*WHAT YOU ARE ASKED TO DO*. Your job with the data below: print everything from the line that holds "Salgados para festas" down to the line that holds "Polo Ralph Lauren", ends included, exactly, and nothing else.
"""
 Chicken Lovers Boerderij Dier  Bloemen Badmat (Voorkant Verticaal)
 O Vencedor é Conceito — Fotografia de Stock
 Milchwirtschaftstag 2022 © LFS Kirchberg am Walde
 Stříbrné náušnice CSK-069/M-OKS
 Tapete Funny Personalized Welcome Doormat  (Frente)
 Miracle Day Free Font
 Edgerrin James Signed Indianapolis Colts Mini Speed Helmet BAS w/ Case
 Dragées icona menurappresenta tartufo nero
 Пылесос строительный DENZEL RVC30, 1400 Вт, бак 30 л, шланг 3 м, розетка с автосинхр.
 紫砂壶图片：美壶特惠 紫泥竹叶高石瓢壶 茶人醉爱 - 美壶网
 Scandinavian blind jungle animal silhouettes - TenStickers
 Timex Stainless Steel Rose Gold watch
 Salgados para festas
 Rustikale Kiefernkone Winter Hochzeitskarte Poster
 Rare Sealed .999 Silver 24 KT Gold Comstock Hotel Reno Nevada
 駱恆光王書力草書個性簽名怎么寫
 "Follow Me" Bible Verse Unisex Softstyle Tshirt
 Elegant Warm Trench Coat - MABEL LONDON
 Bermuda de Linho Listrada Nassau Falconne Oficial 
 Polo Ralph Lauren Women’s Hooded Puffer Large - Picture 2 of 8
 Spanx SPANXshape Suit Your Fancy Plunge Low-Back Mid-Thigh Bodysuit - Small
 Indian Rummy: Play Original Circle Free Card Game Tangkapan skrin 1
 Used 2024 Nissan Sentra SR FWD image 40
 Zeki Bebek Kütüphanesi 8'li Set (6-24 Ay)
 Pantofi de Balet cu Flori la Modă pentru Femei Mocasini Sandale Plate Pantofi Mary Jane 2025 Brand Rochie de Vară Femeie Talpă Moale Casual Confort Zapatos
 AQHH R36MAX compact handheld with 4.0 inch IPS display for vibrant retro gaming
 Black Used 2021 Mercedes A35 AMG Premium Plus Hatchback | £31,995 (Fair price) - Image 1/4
"""
*RESULT FOR THIS TASK*.
 Salgados para festas
 Rustikale Kiefernkone Winter Hochzeitskarte Poster
 Rare Sealed .999 Silver 24 KT Gold Comstock Hotel Reno Nevada
 駱恆光王書力草書個性簽名怎么寫
 "Follow Me" Bible Verse Unisex Softstyle Tshirt
 Elegant Warm Trench Coat - MABEL LONDON
 Bermuda de Linho Listrada Nassau Falconne Oficial 
 Polo Ralph Lauren Women’s Hooded Puffer Large - Picture 2 of 8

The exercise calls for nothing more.